Gov. Andrew Cuomo said state government will put the promotion of beer, wine and liquor made in New York "on steroids" to boost jobs and help the small, yet growing industries.
Cuomo met with farmers, orchard growers, beer breweries and distillers of whisky, vodka, brandy and vermouth Wednesday in Albany for a "Wine, Beer and Spirits Summit." The infomercial type of format included mostly thanks and agreement on the need to promote the industries, as well as a few specific proposals, plans and actions.
"However we can do it big, we're in," Cuomo said. "We'll take the efforts of the past ... and put them on steroids."

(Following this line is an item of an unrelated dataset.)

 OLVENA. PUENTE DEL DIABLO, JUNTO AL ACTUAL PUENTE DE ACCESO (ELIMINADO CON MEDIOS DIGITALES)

After the two-hour summit, Cuomo announced several measures, a number of which will require the Legislature's approval. They include promoting New York wine, beer, whisky and brandy at the State Fair. Beer and wine sellers complained that New York products were overshadowed. Cuomo agreed the State Fair's mission is to promote state products.
There is a plan to urge the New York Racing Association board, temporarily under the control of the appointees of the governor and Legislature, to promote New York alcoholic products at the Saratoga Race Course's summer meet. An international venue is also planned, along with easing laws and regulations for growers and manufacturers for "wine trail" tourist attractions. Other measures include:
—Devote $1 million in TV tourism ads promoting New York wines, with up to another $2 million in state money tied to the industry's matching funds.

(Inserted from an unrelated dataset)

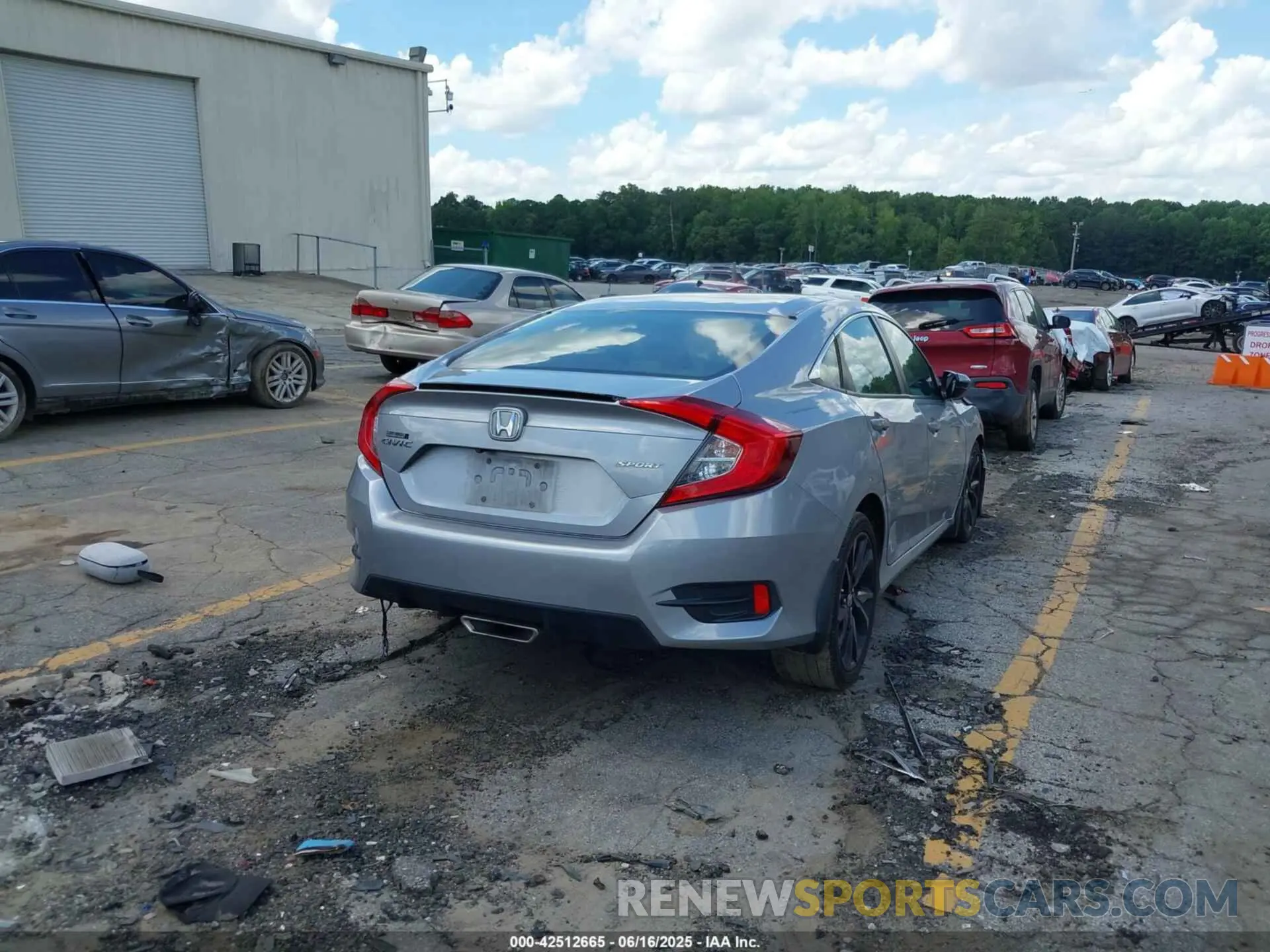 4 Photograph of a damaged car 19XFC2F89LE010032 HONDA CIVIC 2020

—Using a public relations firms already handling state tourism ads to intensely target New York City restaurants to sell and promote New York products.
—Work with top chefs and the Food Network based in New York City to promote the products, although Cuomo said his girlfriend, Food Network star Sandra Lee, isn't part of those plans.
Several of the 75 wineries and breweries opposed to the proposed drilling for gas deep in a potentially lucrative and job-producing shale deposit upstate said the summit missed the point. The Cuomo administration is studying whether the process called hydrofracking can be done safety.
"Not only are the vineyards above the Marcellus Shale, and therefore are vulnerable to the harmful effects of fracking, but gas storage and transport just north of Watkins Glen threatens to contaminate the water, destroy the country roads, and ravage the beautiful landscapes needed to make sure the wine and beer industry thrives in New York," said Jennifer Clark from Eminence Winery after the summit.
Cuomo said the topic wasn't fracking, but on promotion, although he said none of the participants were prohibited from raising the heated topic.
A similar summit on Greek-style yogurt this summer resulted in the easing of some environmental protection restrictions on dairy farms. New York dairy farmers hope to get a bigger piece of that growing field.
"It worked with yogurt, I think it will work extraordinarily well in this industry," Cuomo said Wednesday.